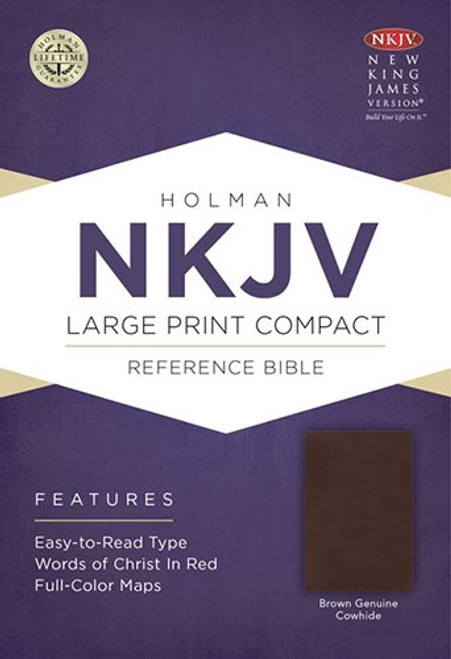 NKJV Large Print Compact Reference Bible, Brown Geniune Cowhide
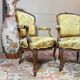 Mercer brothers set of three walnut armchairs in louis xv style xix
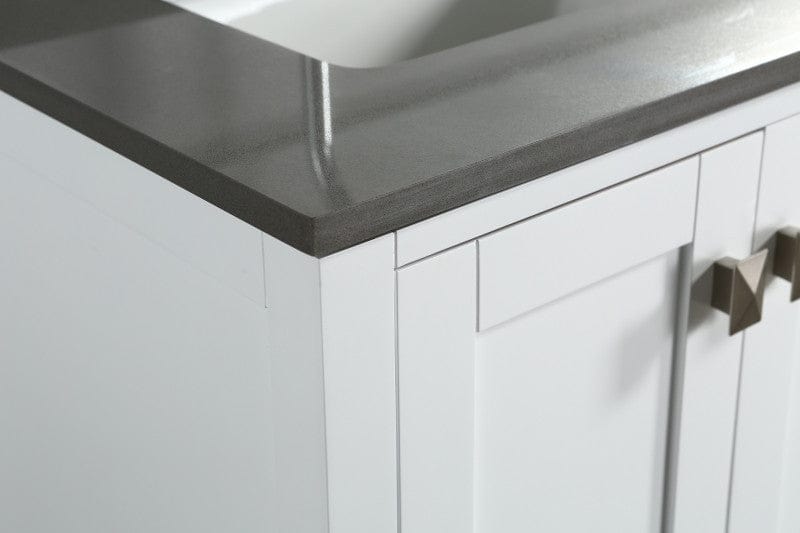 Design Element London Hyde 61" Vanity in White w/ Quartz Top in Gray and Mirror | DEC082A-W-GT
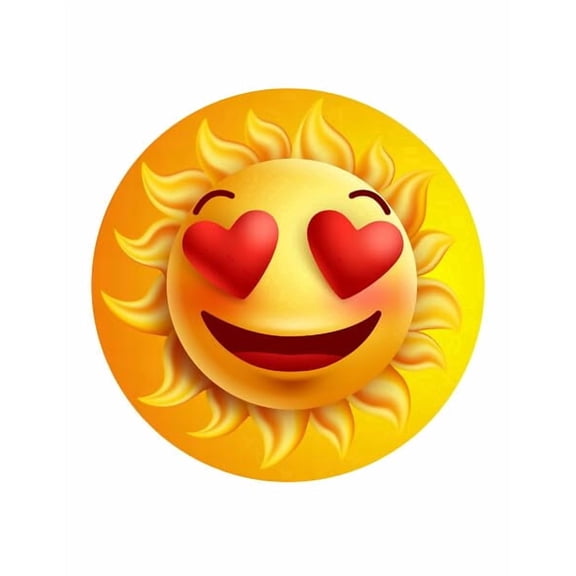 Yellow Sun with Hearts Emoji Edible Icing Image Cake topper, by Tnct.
+ + +
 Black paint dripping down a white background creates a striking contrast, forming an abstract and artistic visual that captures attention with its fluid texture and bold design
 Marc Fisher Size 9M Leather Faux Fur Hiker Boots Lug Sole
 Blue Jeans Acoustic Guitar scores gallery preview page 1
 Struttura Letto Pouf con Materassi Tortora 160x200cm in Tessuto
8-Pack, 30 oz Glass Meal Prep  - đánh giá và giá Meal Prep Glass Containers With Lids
+ + +
Could you reproduce exactly the lines of the entries above, from the one with "Black paint dripping" through the one with "8-Pack, 30 oz", and nothing else?

### PROBLEM SOLUTION:
 Black paint dripping down a white background creates a striking contrast, forming an abstract and artistic visual that captures attention with its fluid texture and bold design
 Marc Fisher Size 9M Leather Faux Fur Hiker Boots Lug Sole
 Blue Jeans Acoustic Guitar scores gallery preview page 1
 Struttura Letto Pouf con Materassi Tortora 160x200cm in Tessuto
8-Pack, 30 oz Glass Meal Prep  - đánh giá và giá Meal Prep Glass Containers With Lids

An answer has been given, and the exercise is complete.